Alors que Javier apporte un peu de fantaisie à leur quotidien, Julija voit en lui le père qu’elle voudrait avoir, lui qui lui donne confiance en elle et la pousse à faire des études, et tente de pousser sa mère dans ses bras. Un léger jeu de séduction s’opère aussi de son côté quand elle découvre qu’elle peut lui plaire. Beaucoup d’ambiguïtés, donc, qui ne trouvent jamais de résolution. Ce jeu que l’on pourrait trouver malsain, ou mal à propos, ne l’est aucunement dans le film. Il apparaît plutôt comme la naissance du désir, au sens large, celui qui pousse à sortir des sentiers battus, du connu de la famille, pour prendre son envol. Javier représente en quelque sorte l’homme qui pourra l’ouvrir à l’aventure, comme toutes les jeunes filles en rêvent.
En parallèle, le père tente, sans remords, de vendre un terrain sur lequel des personnes sont mortes brûlées et dont les ossements jonchent la terre. Face à son père violent et directif, Julija s’échappe vers la mer et prend de plus en plus de libertés. Jusqu’à se faire enfermer, un soir, la veille du départ de Javier, sous le cri castrateur du père : “Tu n’iras nulle part !”. Ce à quoi la mère n’émet pas d’objection. Cela donne une scène magnifique où l’on voit Julija, livrée à elle-même, attendant d’être sauvée par Javier — qu’elle prend à la fois pour un prince charmant et un père — lever une trappe au sol qui donne directement sur l’eau au beau milieu d’une grotte.

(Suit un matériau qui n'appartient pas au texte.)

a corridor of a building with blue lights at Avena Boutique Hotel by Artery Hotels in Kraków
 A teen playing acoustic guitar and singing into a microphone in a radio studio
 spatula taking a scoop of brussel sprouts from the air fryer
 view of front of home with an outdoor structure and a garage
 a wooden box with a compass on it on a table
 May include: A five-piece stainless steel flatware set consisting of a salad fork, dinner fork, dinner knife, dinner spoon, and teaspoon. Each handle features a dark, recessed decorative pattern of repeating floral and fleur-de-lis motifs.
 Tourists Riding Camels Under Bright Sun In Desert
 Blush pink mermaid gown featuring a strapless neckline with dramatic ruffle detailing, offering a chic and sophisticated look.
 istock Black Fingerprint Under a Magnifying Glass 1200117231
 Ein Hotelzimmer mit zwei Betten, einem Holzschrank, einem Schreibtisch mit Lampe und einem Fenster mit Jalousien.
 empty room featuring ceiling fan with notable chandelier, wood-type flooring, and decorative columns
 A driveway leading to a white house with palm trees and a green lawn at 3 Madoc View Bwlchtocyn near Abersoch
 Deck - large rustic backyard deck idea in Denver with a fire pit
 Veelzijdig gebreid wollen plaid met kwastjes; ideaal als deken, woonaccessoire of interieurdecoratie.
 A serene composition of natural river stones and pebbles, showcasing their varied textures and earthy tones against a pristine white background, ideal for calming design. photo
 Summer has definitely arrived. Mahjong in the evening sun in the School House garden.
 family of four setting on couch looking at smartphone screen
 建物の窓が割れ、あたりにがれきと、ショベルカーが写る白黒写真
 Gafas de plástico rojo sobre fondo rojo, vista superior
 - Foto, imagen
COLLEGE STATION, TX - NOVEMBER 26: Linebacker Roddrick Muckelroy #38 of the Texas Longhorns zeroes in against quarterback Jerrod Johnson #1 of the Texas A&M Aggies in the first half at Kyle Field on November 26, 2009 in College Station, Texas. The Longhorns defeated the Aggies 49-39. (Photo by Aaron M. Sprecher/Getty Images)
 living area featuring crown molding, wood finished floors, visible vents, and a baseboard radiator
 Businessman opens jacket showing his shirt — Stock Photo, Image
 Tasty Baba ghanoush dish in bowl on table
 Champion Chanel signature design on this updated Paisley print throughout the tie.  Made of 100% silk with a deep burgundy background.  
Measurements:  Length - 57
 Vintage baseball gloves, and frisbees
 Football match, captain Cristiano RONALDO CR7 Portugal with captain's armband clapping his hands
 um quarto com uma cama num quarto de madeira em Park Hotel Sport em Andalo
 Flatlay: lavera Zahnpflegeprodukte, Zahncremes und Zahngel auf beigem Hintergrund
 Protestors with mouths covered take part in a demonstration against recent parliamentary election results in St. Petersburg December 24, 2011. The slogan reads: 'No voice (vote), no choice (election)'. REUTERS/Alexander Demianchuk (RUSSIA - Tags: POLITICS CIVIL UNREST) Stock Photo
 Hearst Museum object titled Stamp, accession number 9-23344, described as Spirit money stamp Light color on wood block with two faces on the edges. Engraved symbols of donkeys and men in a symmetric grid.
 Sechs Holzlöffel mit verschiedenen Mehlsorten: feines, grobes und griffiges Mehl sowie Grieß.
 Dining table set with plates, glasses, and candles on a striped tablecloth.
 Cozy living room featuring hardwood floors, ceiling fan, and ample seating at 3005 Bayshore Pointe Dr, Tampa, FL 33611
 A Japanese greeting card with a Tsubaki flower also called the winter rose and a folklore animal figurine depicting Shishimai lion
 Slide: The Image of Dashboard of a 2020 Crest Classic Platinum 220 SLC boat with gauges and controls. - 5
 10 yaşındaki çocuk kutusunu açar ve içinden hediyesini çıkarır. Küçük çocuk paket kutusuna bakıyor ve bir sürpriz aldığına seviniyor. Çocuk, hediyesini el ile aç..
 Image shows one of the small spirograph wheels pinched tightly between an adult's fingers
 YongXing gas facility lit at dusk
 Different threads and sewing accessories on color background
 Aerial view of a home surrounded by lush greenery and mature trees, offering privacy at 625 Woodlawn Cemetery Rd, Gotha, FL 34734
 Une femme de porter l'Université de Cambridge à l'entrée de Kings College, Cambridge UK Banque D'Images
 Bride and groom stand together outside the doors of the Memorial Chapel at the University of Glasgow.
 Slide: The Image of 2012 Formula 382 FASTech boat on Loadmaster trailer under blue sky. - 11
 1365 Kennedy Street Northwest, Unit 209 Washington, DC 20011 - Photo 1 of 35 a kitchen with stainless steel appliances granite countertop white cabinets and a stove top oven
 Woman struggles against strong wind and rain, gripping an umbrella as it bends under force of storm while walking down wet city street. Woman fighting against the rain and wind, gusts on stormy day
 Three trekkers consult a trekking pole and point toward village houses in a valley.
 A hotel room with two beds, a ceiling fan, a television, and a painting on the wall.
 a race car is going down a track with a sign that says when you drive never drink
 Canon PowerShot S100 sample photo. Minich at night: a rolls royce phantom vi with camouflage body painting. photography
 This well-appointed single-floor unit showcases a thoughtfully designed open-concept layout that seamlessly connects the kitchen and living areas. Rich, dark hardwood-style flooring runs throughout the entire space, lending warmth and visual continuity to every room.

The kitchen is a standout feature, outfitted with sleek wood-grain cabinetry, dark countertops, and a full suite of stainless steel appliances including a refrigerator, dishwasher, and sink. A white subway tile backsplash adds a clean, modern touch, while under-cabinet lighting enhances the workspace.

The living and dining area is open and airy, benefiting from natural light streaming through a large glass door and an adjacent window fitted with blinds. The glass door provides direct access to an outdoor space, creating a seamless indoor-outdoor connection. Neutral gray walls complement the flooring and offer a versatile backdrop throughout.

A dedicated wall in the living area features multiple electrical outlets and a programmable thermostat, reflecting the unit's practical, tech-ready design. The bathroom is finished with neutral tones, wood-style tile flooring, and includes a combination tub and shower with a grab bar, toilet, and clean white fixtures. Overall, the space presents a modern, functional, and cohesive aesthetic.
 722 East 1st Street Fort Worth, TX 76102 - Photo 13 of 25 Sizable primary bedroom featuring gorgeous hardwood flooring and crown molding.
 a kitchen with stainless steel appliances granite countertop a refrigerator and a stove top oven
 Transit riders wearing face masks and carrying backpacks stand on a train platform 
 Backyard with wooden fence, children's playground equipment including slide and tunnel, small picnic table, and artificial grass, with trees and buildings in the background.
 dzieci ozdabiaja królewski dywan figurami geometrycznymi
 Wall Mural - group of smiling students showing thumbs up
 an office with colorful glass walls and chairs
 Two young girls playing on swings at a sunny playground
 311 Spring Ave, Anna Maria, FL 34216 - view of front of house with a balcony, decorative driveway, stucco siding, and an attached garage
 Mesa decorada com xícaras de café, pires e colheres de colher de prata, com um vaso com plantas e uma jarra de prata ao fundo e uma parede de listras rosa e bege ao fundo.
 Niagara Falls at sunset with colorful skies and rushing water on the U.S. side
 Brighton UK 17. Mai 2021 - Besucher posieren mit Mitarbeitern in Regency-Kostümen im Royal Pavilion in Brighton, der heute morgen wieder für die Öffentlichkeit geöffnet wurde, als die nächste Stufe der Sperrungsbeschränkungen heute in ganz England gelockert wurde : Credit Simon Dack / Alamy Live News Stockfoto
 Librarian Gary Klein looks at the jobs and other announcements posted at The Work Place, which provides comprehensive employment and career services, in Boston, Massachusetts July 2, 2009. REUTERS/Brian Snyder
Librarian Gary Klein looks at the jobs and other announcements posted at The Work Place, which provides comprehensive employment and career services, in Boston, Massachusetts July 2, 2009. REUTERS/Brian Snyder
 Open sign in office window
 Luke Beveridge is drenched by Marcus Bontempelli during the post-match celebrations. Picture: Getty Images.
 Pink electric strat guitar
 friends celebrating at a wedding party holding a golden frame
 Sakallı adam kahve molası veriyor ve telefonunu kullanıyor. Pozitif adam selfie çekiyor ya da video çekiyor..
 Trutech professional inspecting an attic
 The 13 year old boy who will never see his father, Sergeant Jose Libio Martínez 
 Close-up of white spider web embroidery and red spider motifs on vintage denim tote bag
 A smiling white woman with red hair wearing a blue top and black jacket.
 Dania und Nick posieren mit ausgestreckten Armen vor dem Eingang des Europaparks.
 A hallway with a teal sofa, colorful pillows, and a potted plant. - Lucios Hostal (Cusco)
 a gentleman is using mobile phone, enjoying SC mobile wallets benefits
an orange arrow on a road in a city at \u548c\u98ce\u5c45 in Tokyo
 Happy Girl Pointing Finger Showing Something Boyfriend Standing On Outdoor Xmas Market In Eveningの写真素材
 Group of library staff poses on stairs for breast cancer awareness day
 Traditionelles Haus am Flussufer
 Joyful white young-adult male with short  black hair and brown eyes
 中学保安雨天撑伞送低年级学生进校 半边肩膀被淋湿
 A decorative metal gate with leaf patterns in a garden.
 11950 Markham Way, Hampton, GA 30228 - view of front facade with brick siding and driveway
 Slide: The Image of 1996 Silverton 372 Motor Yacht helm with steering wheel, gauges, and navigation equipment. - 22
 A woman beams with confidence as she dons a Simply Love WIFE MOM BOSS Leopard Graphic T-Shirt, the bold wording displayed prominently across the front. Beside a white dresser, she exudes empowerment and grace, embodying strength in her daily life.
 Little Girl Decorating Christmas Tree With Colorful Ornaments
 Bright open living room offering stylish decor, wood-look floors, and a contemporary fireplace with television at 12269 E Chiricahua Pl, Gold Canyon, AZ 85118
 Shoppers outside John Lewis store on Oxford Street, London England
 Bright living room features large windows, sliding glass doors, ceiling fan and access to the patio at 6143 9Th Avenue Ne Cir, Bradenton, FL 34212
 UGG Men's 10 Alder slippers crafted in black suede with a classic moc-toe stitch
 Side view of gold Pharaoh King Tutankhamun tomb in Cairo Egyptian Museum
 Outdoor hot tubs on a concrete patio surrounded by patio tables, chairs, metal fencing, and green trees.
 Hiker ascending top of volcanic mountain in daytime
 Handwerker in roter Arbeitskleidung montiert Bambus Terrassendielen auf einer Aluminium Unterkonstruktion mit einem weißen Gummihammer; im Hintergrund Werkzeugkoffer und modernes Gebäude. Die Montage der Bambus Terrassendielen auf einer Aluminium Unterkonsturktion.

Confrontée à la possibilité de la mort, elle plonge et tente, seule, de trouver le chemin de sa liberté. Cette fable sur la condition féminine en Croatie, mais pas que, se déploie avec brio autour de la thématique de la mer, source de vie, et de l’ambivalence du mâle, joueur et destructeur, parfois protecteur. C’est aussi un film intéressant sur la complexité de la liberté, toujours prise en filet entre le réel et les rêves.